Les analystes estiment généralement (mais sur quelles bases ?) que les Frères musulmans recueillent entre 20 et 40 % de soutien dans l'opinion publique. Ils comptent beaucoup de représentants des professions libérales, comme des avocats ou des médecins. Ils se caractérisent par leur pragmatisme. Ils savent qu'ils suscitent des craintes au sein de l'armée comme à l'étranger. Comme ils l'ont annoncé, ils sont donc disposés à restreindre dans un premier temps leurs ambitions, en ne présentant pas de candidat à l'élection présidentielle ou en présentant des candidats dans un nombre limité de circonscriptions aux élections législatives. S'ils visent d'accéder un jour au pouvoir, ils inscrivent leur action dans le long terme. Par ailleurs, la confrérie des Frères musulmans ne représente pas une force homogène, différents courants existent en son sein même si c'est la ligne dure qui a pris les commandes aux dernières élections internes. Par ailleurs, les Frères musulmans ont été débordés ces dernières années par le mouvement salafiste, prônant un islamisme plus radical, mais qui a été paradoxalement encouragé par le régime, parce que ce mouvement s'intéressait davantage à la sphère privée qu'à l'accession au pouvoir. Aujourd'hui, le courant salafiste a gagné en influence, notamment au sein de la grande université al-Azhar. Exclure les Frères musulmans de la vie politique présenterait donc le risque d'encourager leur radicalisation et les mouvements plus extrémistes.
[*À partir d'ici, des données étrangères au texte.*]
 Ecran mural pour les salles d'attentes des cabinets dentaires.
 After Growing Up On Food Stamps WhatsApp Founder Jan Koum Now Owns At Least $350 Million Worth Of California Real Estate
On avait souvent tendance en Occident à considérer le régime égyptien comme un rempart laïc contre l'islamisme mais la réalité était beaucoup plus complexe. Il faut se souvenir que c'est Anouar-el Sadate qui a fait inscrire dans la Constitution égyptienne que la Charia est la principale source d'inspiration de la loi et que le pouvoir a encouragé la réislamisation, voire joué la surenchère à la morale islamique, par exemple en orchestrant la répression des homosexuels (affaire dite du Queen Mary en 2001)ou encore , plus récemment, en autorisant en 2006 des chaînes de télévision d'inspiration salafiste.